Okul-aile ve çevre işbirliğini geliştirmek için birçok sebep vardır. Bunlar; Okul programını ve havasını geliştirmek, aile desteği ve hizmetini sağlamak, ebeveyn liderliğini ve becerilerini artırmak, çevrede ve okulda diğer ailelerle iletişim sağlamak ve öğretmenlere çalışmalarında yardımda bulunmaktır. Bütün bunlardan amaçlanan, işbirliği yaratılmasının ana sebebi; çocukların okulda ve ileriki yaşamlarında başarılı olmalarını sağlamaktır. Okul öncesi eğitim kurumlarında aileleri eğitimin bir parçası haline getirmek için aşağıdaki çalışmalar yapılabilir;

1. Ailelere aylık bültenler yollanarak; öğrenilen şarkı, bilmece ve bulmacalardan, oyunlardan örnekler verilebilir.

2. Ailelerin istek ve arzularını, eleştiri ve önerilerini yazarak bırakabilecekleri bir dilek kutusu oluşturulabilir.

3. Bir pano oluşturularak duyurular, ilginç olaylar, etkinlikler ve çalışmalar buraya asılabilir.

4. Belirli gün ve haftalarda veli grupları yuva içi etkinliklere katılmak üzere çağrılabilir.

5. Ailelerin istek ve ihtiyaçları doğrultusunda seminerler düzenlenebilir, çeşitli tartışma konuları ile aileler farklı konularda fikir alışverişi yapabilirler.

6. Okul dışı etkinlikler ve geziler, önceden ailelere bildirilerek onlar da bu gezilere davet edilebilir.

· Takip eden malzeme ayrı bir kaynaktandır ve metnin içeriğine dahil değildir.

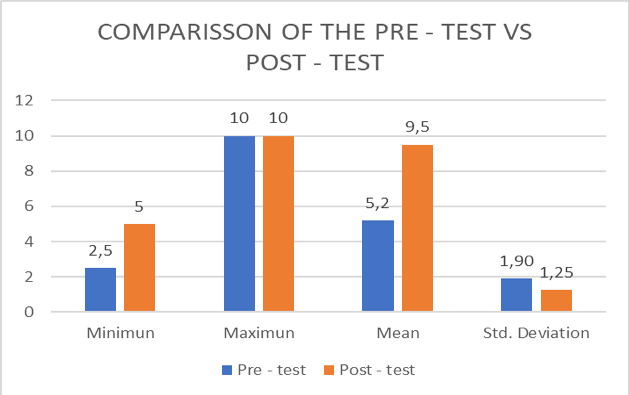 Comparison of the pretest vs posttest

7. Ailelere her dönem sonunda yapılan çalışmaların özetleriyle birlikte çocuklarının genel durumunu değerlendiren bir rapor sunulabilir.

8. Anne ve babalar hatta diğer aile bireyleri eğitim programına katkıda bulunmak üzere kaynak kişi olarak davet edilebilir.

9. Aile ve okul arasındaki bilgi alışverişini sağlamak, aile ile daha yakın ilişkiler kurmak, şikayet ve problemleri çözmek için veli toplantıları düzenlenebilir (Aksoy ve Turla,2001:376-380).

Aileler okullarda dil oyunlarına, okuma ve yazmaya hazırlık aktivitelerine katılabilirler ya da katılmalıdırlar. Belli zamanlarda veliler okula gelerek sınıfta çocuklara hikaye okuyabilirler (Jr Hirsch,1996:384).

Okul öncesi eğitim kurumunun çok önemli görevlerinden biri de çocuklara olumlu sosyal ilişkilerde bulunmayı öğretmektir. Kurum bu görevi bazen evdeki olumlu öğretileri pekiştirerek, bazen evdeki eksiklikleri gidererek, bazen de evdeki bozuklukları dengeleyerek yapar. Üç yaşından itibaren yaşıtlarına yönelik bir sosyalleşme eğilimi gösteren çocuk için okul yaşantısı olumlu bir olanak sağlayabilir.

Anaokuluna giden çocuk bir grup ortamı içinde davranmaya ve yaşamaya çalıştığı için ilkokula bir ölçüde hazırlanmış olur. Bunun yanında öğretmen, çocukla okul ortamı arasında gelişen olumlu etkileşimin en etkin aracıdır (Çakar 2005).